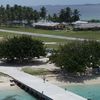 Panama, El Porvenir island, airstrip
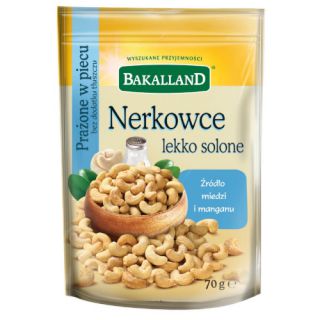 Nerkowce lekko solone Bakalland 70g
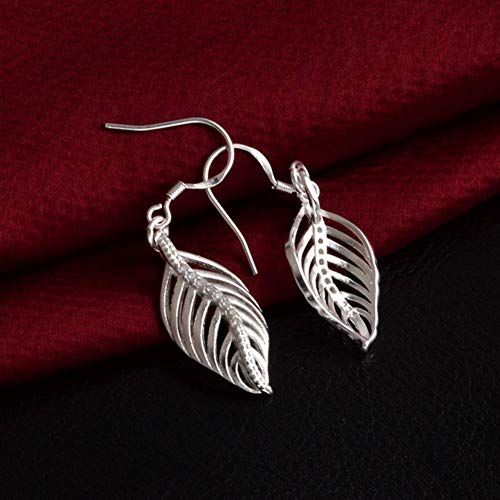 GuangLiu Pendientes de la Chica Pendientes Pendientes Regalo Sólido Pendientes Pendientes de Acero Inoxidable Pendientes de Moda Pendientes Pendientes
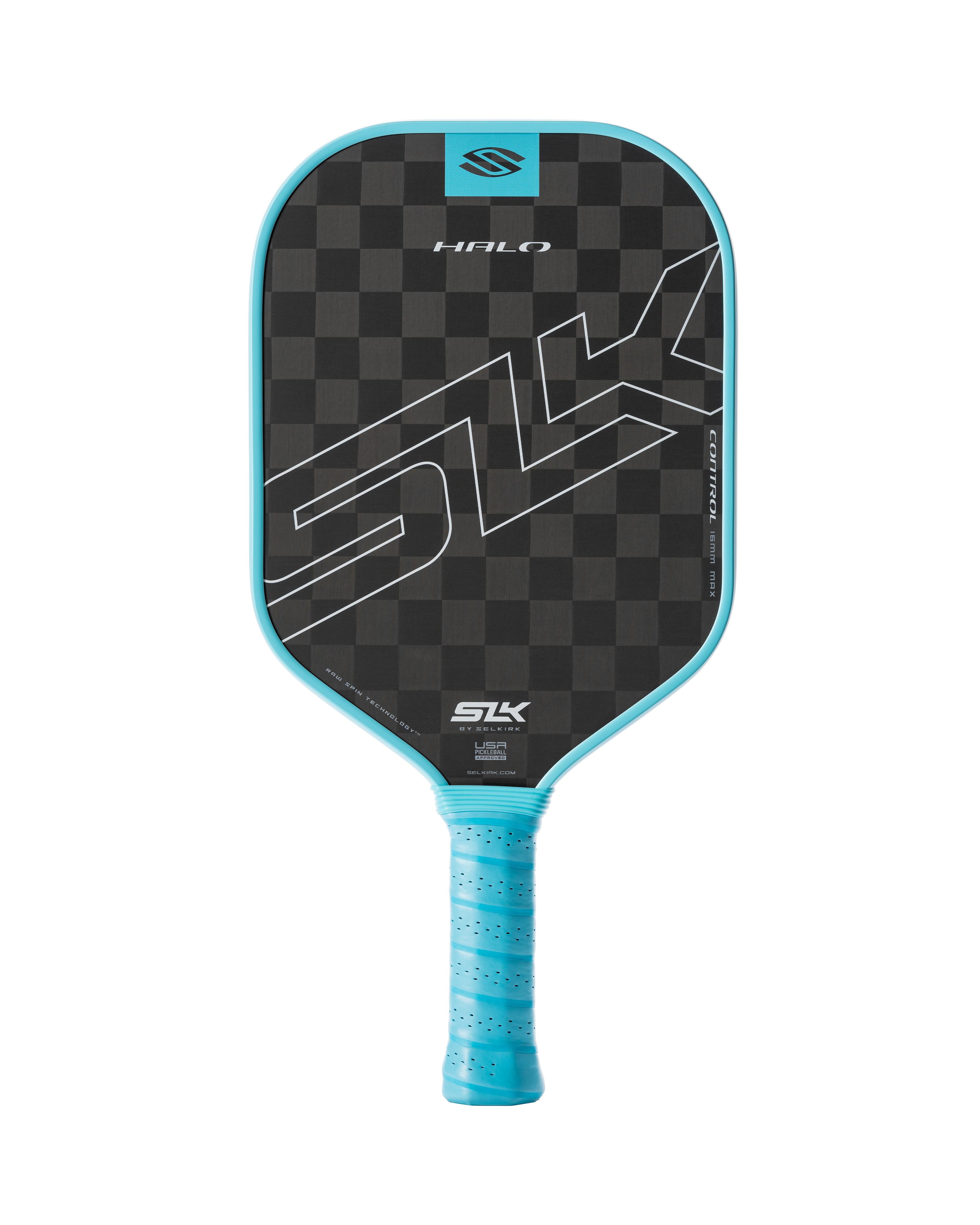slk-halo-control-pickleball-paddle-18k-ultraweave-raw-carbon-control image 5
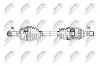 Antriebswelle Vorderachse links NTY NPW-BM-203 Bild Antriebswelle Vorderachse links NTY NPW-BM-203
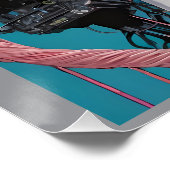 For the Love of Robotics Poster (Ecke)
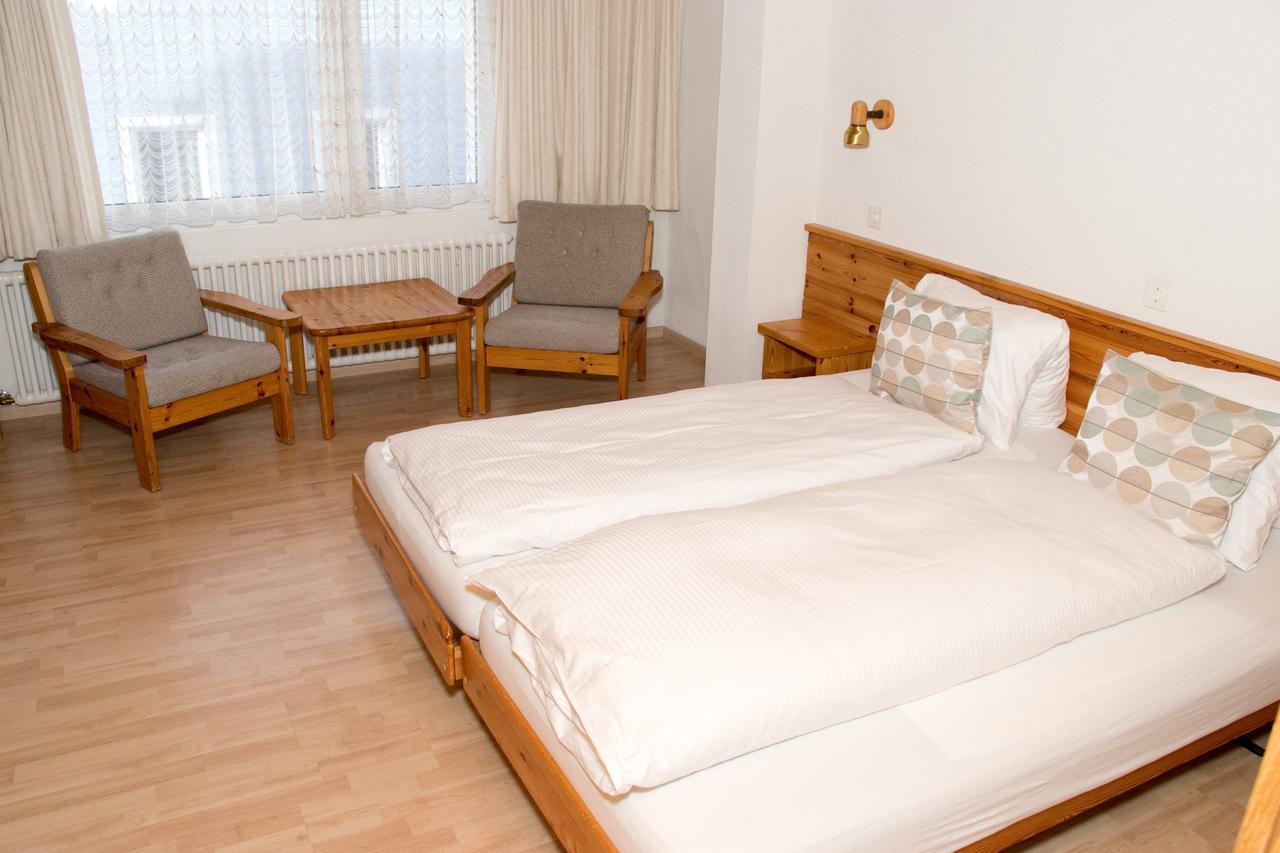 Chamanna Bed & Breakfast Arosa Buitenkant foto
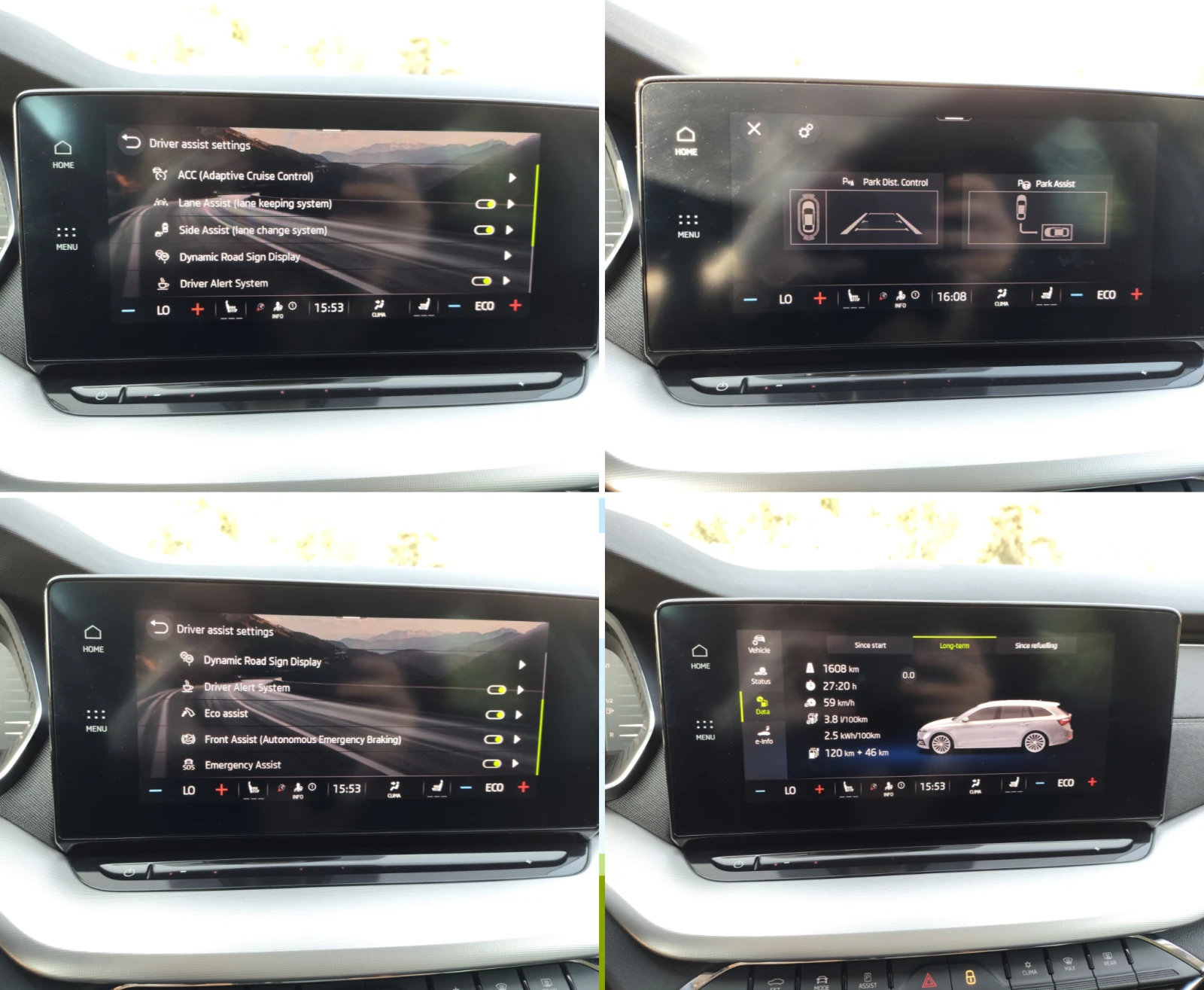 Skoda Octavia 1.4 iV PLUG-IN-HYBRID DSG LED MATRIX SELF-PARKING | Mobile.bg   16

########################################

Please output the listing above in full, exactly as given, without its images.

■ **RESPONSE AREA**
 Panama, El Porvenir island, airstrip
 Nerkowce lekko solone Bakalland 70g
 GuangLiu Pendientes de la Chica Pendientes Pendientes Regalo Sólido Pendientes Pendientes de Acero Inoxidable Pendientes de Moda Pendientes Pendientes
slk-halo-control-pickleball-paddle-18k-ultraweave-raw-carbon-control image 5
 Antriebswelle Vorderachse links NTY NPW-BM-203 Bild Antriebswelle Vorderachse links NTY NPW-BM-203
 For the Love of Robotics Poster (Ecke)
 Chamanna Bed & Breakfast Arosa Buitenkant foto
 Skoda Octavia 1.4 iV PLUG-IN-HYBRID DSG LED MATRIX SELF-PARKING | Mobile.bg   16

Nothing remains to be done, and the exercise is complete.